■ Data to examine
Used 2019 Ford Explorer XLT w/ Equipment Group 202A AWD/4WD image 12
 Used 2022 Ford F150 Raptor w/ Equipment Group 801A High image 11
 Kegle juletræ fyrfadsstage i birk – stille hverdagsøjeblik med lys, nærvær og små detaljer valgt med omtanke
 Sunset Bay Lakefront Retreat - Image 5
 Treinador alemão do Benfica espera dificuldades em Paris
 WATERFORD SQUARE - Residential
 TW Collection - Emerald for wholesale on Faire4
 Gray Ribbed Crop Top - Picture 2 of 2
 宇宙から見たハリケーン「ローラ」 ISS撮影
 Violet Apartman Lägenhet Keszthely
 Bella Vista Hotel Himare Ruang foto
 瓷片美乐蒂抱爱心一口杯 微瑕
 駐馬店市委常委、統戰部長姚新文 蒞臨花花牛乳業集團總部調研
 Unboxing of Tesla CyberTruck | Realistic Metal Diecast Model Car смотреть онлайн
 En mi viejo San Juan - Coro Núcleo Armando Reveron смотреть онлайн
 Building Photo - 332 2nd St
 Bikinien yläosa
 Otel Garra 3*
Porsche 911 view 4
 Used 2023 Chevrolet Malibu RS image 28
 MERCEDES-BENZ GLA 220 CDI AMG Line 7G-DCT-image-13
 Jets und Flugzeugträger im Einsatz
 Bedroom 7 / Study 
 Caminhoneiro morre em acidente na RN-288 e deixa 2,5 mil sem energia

■ What to work on
Repeat the data in full. Nothing may be dropped or altered.

■ Answer box
Used 2019 Ford Explorer XLT w/ Equipment Group 202A AWD/4WD image 12
 Used 2022 Ford F150 Raptor w/ Equipment Group 801A High image 11
 Kegle juletræ fyrfadsstage i birk – stille hverdagsøjeblik med lys, nærvær og små detaljer valgt med omtanke
 Sunset Bay Lakefront Retreat - Image 5
 Treinador alemão do Benfica espera dificuldades em Paris
 WATERFORD SQUARE - Residential
 TW Collection - Emerald for wholesale on Faire4
 Gray Ribbed Crop Top - Picture 2 of 2
 宇宙から見たハリケーン「ローラ」 ISS撮影
 Violet Apartman Lägenhet Keszthely
 Bella Vista Hotel Himare Ruang foto
 瓷片美乐蒂抱爱心一口杯 微瑕
 駐馬店市委常委、統戰部長姚新文 蒞臨花花牛乳業集團總部調研
 Unboxing of Tesla CyberTruck | Realistic Metal Diecast Model Car смотреть онлайн
 En mi viejo San Juan - Coro Núcleo Armando Reveron смотреть онлайн
 Building Photo - 332 2nd St
 Bikinien yläosa
 Otel Garra 3*
Porsche 911 view 4
 Used 2023 Chevrolet Malibu RS image 28
 MERCEDES-BENZ GLA 220 CDI AMG Line 7G-DCT-image-13
 Jets und Flugzeugträger im Einsatz
 Bedroom 7 / Study 
 Caminhoneiro morre em acidente na RN-288 e deixa 2,5 mil sem energia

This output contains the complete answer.